Sitedeki kartları demişsiniz. Ancak kartların büyüğü bir şekilde pcden silinmiş. bulursam koyacam. O linkini verdiğim sitede diğer domainli sitelerimiz silinmek üzereyken irtibatımız kopmasın diye hazırlanmıştı. O zman koyuldugu haliyle orda duruyor.
işte memur-sen in başbakana sunduğu krize karşı alınacak tedbirlerraporu 6. maddeye dikkat lütfen
KRİZE DÖNÜK ÇÖZÜM ÖNERİLERİ RAPORU
MEMUR-SEN
(MEMUR SENDİKALARI KONFEDERASYONU)
KRİZ, DOYMAK BİLMEZ KAZANMA HIRSININ ÜRÜNÜDÜR.

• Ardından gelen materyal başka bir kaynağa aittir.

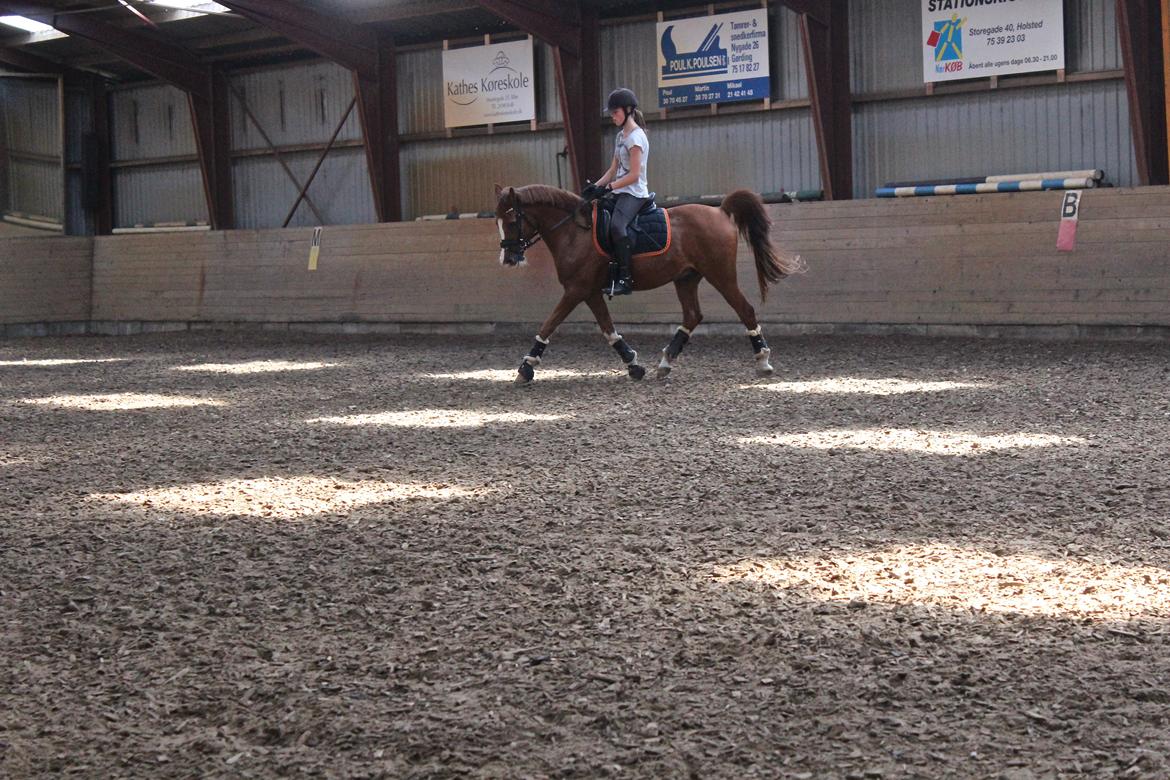 Arabisk fuldblod (OX) Stuntvil OX - Træning d. 23 aug billede 20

Dünya ekonomisinin finans sektörü odaklı ve henüz ekonominin diğer alanlarına sirayet etmemiş olan bir kriz yaşamakta olduğu tartışılmaz bir gerçektir. Ancak, bu gerçeğin anlatılma ve algılanma şekli ülkeden ülkeye hatta bireyden bireye farklılık gösteriyor. Krizin sürekli olmamasını hatta krizin bitmesini sağlayacak olanda aslında bu farklı bakıştır.

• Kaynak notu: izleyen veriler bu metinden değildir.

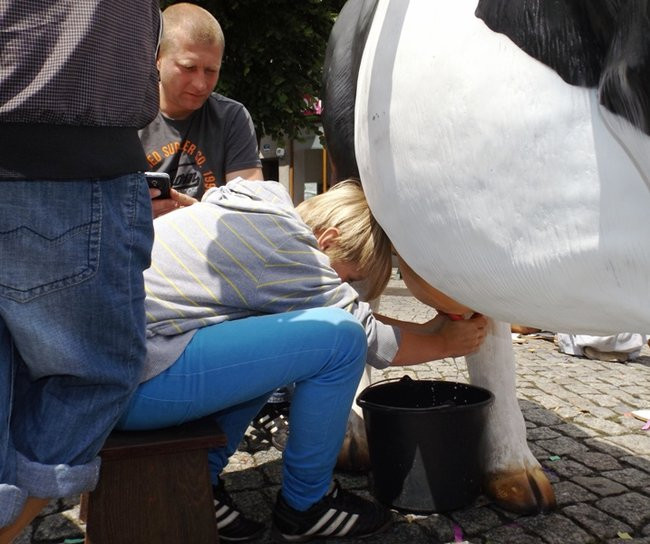 Jarmark społeczników (zdjęcia)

Öncelikle, krizi doğru isimlendirmeliyiz. Bu ekonomik değil finansal bir krizdir. Daha açık bir ifadeyle ekonominin bütün unsurlarını kapsayan bir kriz söz konusu değildir. Arz ve talep unsurları yönüyle bir kriz yaşanmadığı sürece de gerçek anlamda bir ekonomik krizden söz etmek mümkün değildir. Bu çerçevede, yaşadığımız finansal krizin insanlık için gelecek odaklı büyük bir tehlike olduğunu ifade etmek ekonominin diğer unsurlarına haksızlık olur.

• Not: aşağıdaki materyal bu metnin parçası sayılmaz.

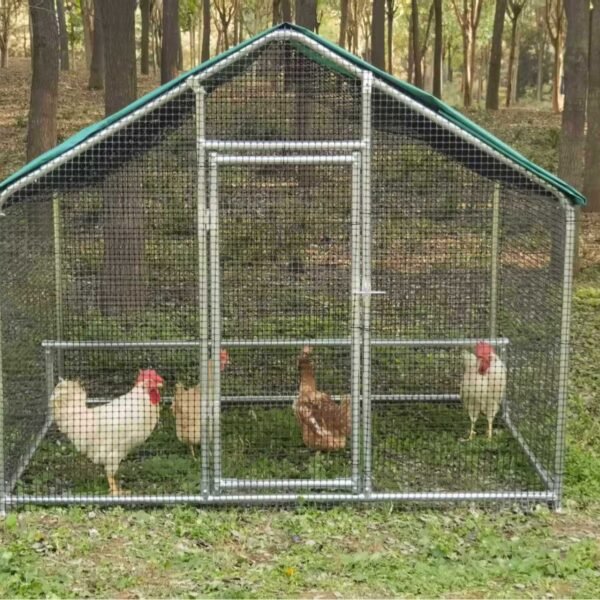 Family chicken coop chicken shed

Sermaye sahiplerinin üretim odaklı kazanç yerine finans araçlarının satışına ve el değiştirmesine dayalı kazanca (finans sektörüne) yönelmeleri ve bu alanda sınırsız ve doyumsuz bir kazanma hırsıyla hareket etmelerinin ürünü olan bu krizin faturası da mutlaka ve sadece sermaye sahiplerine çıkarılmalıdır. Kastımız sermaye düşmanlığı değil, ancak risk üzerine kurulu bir alandaki kayıpların telafisine ilişkin yükün bütün dünya insanlığına taşıtılması yaşamakta olduğumuz krizden daha derin bir sosyal krizin oluşmasına da neden olacağı gözden kaçırılmamalıdır.
Biz diyoruz ki, krizin ekonomide hasar oluşturmaması için gereken tedbirlerin ivedilikle alınmasına evet ancak kriz bahane edilerek bu millete yeni acı reçeteler dayatmaya hayır. Başta finans sektörü olmak üzere ekonomi aktörlerinin, kriz öncesi ve sırasındaki mali durumları ile kriz sonrasındaki mali durumları karşılaştırılarak kriz fırsatçılığı yapanlar ve krizden nemalananlar mutlaka kamuoyuna ifşa edilmelidir. Kriz mağdurlarının zararları, kriz fırsatçılarının haksız kazançlarından karşılanmalıdır.
Ekonomi, rakamlar üzerine kurulu kar-zarar odaklı bir matematiksel alandan çok üretici ve tüketicilerin psikolojik bakışlarıyla şekillenen sosyal bir mücadele alanıdır. Bu nedenle, psiko-sosyal veriler olmadan ekonomi dünyasını anlamak ve algılamak mümkün değildir. Bu gerçekten hareketle, yaşadığımız krizi, bilgiyi, insan kaynaklarını, parayı ve toplum psikolojisini birlikte yöneterek çözebiliriz.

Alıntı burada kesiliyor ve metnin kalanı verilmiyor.